Attorneys for Move said the decision in the Akamai case "may have a significant affect" on their claim that in the event that REAL’s patent was infringed upon, it was Realtor.com’s users — not Realtor.com itself — that did the infringing.
Attorneys for REAL objected, saying Move’s "divided infringement" argument has already been shot down by the Court of Appeals.
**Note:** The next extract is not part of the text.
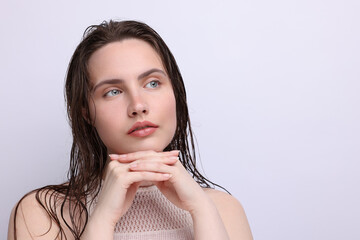 Beautiful woman with natural skin complexion on light grey background, closeup. Space for text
Waiting for a decision in the Akamai case, they said, would result in an "undue and indefinite delay" if that case ends up going to the Supreme Court.
"Move originally argued that the claim element of ‘selecting’ must be performed by a person, the end user logging onto the Move zoom-enabled mapping website, and that this element cannot be performed by a computer," attorneys for REAL said, and also stated that the "Federal Circuit explicitly ruled that ‘a user or a computer may select an area.’ "
U.S. District Court Judge George King ordered Move and REAL to attend a private mediation session and rejected Move’s request to postpone motions for summary judgement and a trial date until after the Akamai case is decided.
A mediation session was conducted on June 29 by Roy Hofer, an attorney described in court documents as having "more than 45 years of litigation experience, including significant experience in patent, trade secret, trade dress and related antitrust litigation."
The mediation went forward until Hofer declared an impasse, attorneys for REAL and Move reported last month.
"No further sessions have been requested by either party or the mediator," attorneys for REAL said. "REAL believes that the single factor most likely to further settlement discussions between the parties and lead to a resolution of this dispute is the setting of a trial date at the earliest possible date available on the court’s calendar in 2012."
Move now has until Oct. 18 to file a motion for summary judgment to have the case thrown out based on the "divided infringement" or other arguments.